Inna commanda une soupe au poulet avec des pâtes maison, de la purée avec des galettes de poisson, du jus de fruits rouges et une tranche de gâteau au miel, le tout à emporter aussi pour la fillette.Alors que la fillette mangeait avec précaution,
Inna ressentait de plus en plus une étrange familiarité : les boucles blondes, les petits gestes — quelque chose du passé… quelque chose qui lui rappelait sa propre Liza.Le téléphone de Vadim sonna. Il leva les yeux, puis rejeta l’appel. Le téléphone sonna de nouveau.

— L’air ici est étouffant. Je sors — grogna-t-il, se dirigeant rapidement vers la porte.La fillette le suivit prudemment, puis murmura :— Ne monte pas dans la voiture en premier !Inna se figea. Les mots formaient une image terrifiante : la pente raide, la pluie, le gros SUV… le plan de Vadim pour la mettre à l’épreuve était aujourd’hui.
Elle sortit rapidement son téléphone et envoya un message à Matvej : « Restaurant Bazilik. Vadim a saboté la voiture, il m’oblige à conduire. Dépêche-toi. »Trente secondes plus tard, la réponse arriva : « Ne pars nulle part. Gagne du temps, gagne du temps, gagne du temps. J’arrive dans 10 minutes. »
Vadim revint, avec un faux sourire.— Alors, vous avez fini vos bonnes actions ? — lança-t-il en posant quelques billets sur la table. — Prends les clés.— Tu sais quoi ? — Inna se renversa sur sa chaise, serrant le bord de la table. — Je ne vais nulle part. Commande un autre thé.
Le sourire de Vadim s’effaça.— Lève-toi ! — hurla-t-il.À ce moment, une voix masculine calme et glaciale s’éleva :— Laisse-la tranquille.Vadim se figea. Matvej se tenait devant lui, un collègue en uniforme derrière lui.— Qui êtes-vous ? — tenta de protester Vadim, mais sa voix se brisa.
— Des enquêteurs criminels — Montra brièvement Matvej son badge. — Maintenant, nous allons à ta voiture avec des experts. Si ce que nous avons entendu est vrai, notre conversation sera très différente.Vadim pâlit. Matvej s’assit et se tourna vers Inna.

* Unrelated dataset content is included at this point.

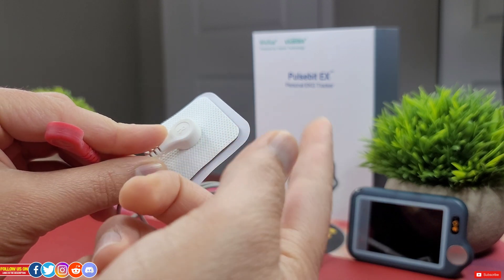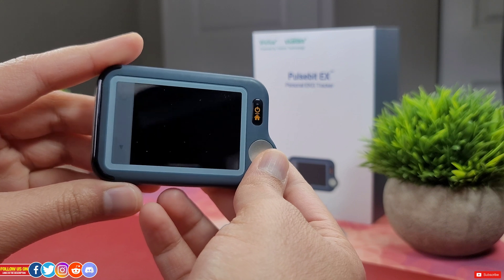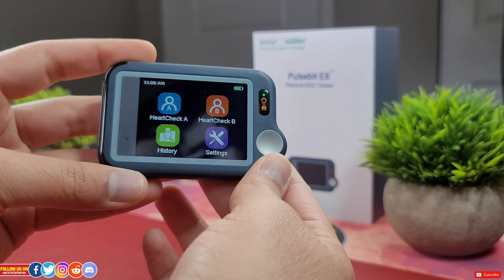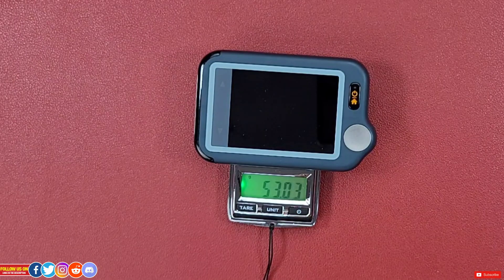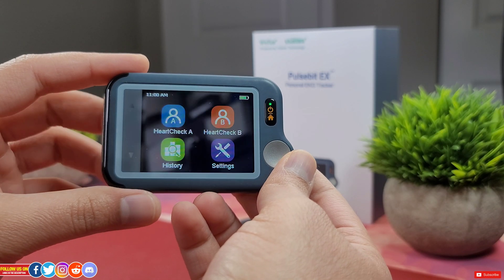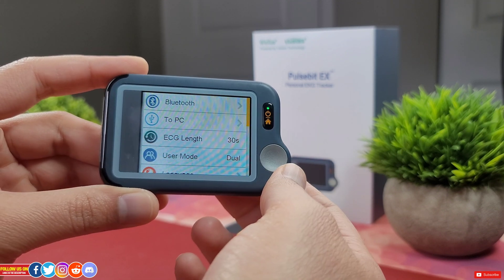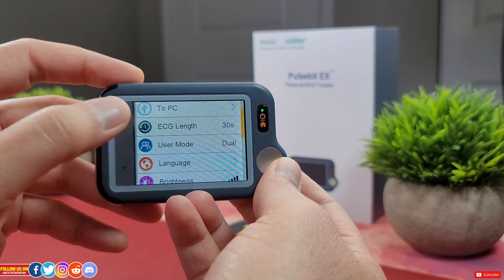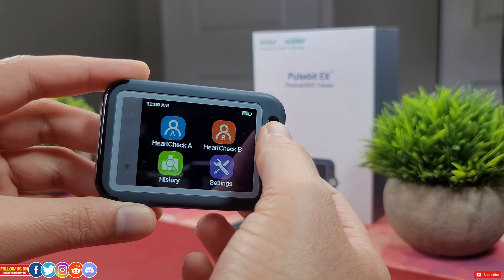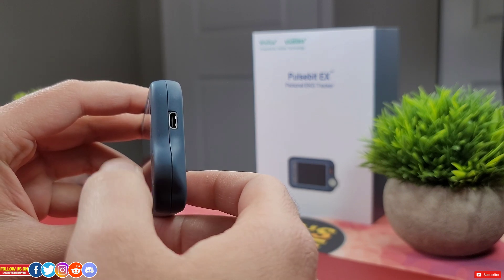Now let's talk about the Pulse Bit EX unit itself. The first thing I noticed is how strikingly lightweight it is — it only weighs about 53 grams. The overall design is sleek and functional. There is a 2.4-inch touchscreen color backlit display with two tactile buttons. There's an on/off button which also exits to the main menu, and that is the only button on the device. On the side there is a micro D connection port used for charging, attaching the ECG cable, and data transfer to a PC.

— Tu es très courageuse, ma chérie. Une vraie héroïne — dit-il doucement, tandis que la petite Liza dormait paisiblement sur ses genoux. — Où sont tes parents ?— Maman n’est plus là… Papa, Igor, est complètement malade — répondit la fillette. — Nous vivons à l’ancienne gare.
Le regard de Matvej devint perçant. Il relia immédiatement les faits : nom, âge, nom de famille paternel, et la fillette ressemblait exactement à la mère d’Inna.— Inna… — murmura-t-il. — C’est ton beau-père. Et il semble qu’il ait emmené ta petite sœur avec lui.
Inna regarda l’enfant les yeux pleins de larmes. Sa Liza. Vivante.La soirée se termina au bureau de Matvej. Les experts confirmèrent que Vadim avait manipulé la voiture. Igor fut placé en lieu sûr, et Liza s’endormit dans les bras d’Inna, enfin en sécurité.
— Vadim aura beaucoup d’explications à donner devant la loi — dit Matvej. — Le mécanicien nous a tout raconté.— Merci — murmura Inna, touchant la main de Matvej.— Si je n’avais pas été là, tu n’aurais pas appelé au moment le plus effrayant — dit Matvej, en plongeant son regard dans le sien.
— Et maintenant… il y a un enfant. Nous nous en occuperons, tout ira bien. Donne-lui une chance.Pour la première fois en trois ans, Inna sentit qu’elle pouvait enfin déposer les fardeaux de son âme.